»»

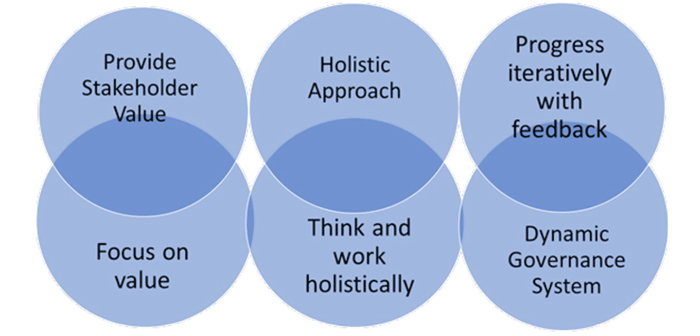 حاکمیت در ITIL SVS و COBIT 2019

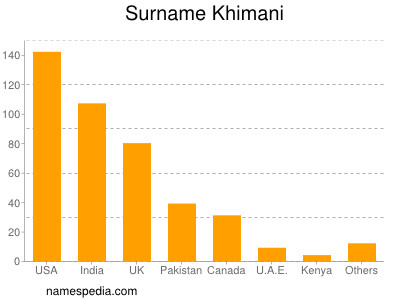 Familiennamen Khimani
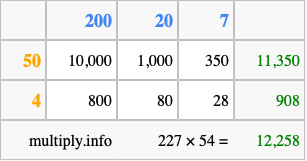Calculate 227 times 54 using the box method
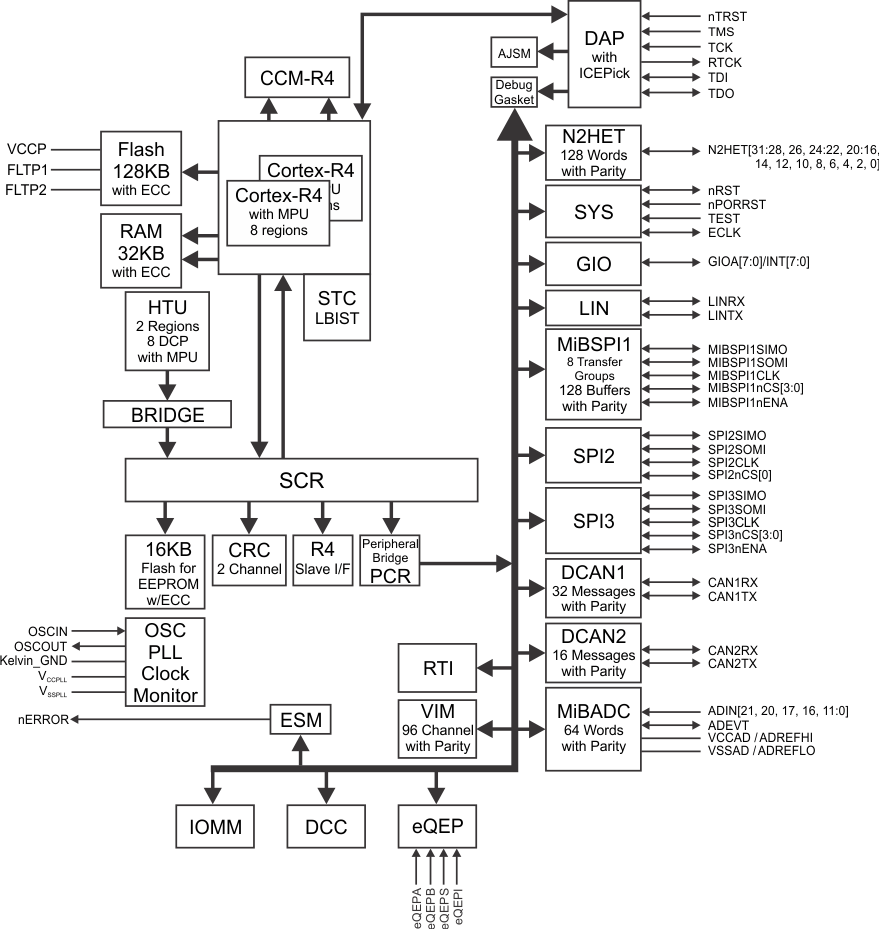 RM41L232 fbd_f7_f8_spns240.gif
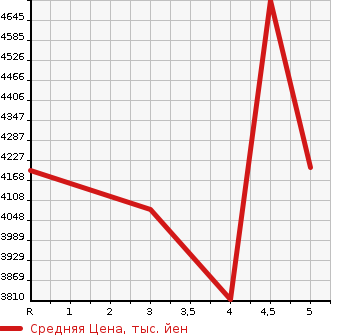 Аукционная статистика: График изменения цены TOYOTA Тойота  GRANACE   2020 2800 GDH303W G в зависимости от аукционных оценок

««

▸ ACTION ITEM:
Without the pictures, retype exactly the lines from the one that holds "Familiennamen Khimani" to the last line of the data above, both of them included.

▸ WRITTEN ANSWER:
 Familiennamen Khimani
Calculate 227 times 54 using the box method
 RM41L232 fbd_f7_f8_spns240.gif
 Аукционная статистика: График изменения цены TOYOTA Тойота  GRANACE   2020 2800 GDH303W G в зависимости от аукционных оценок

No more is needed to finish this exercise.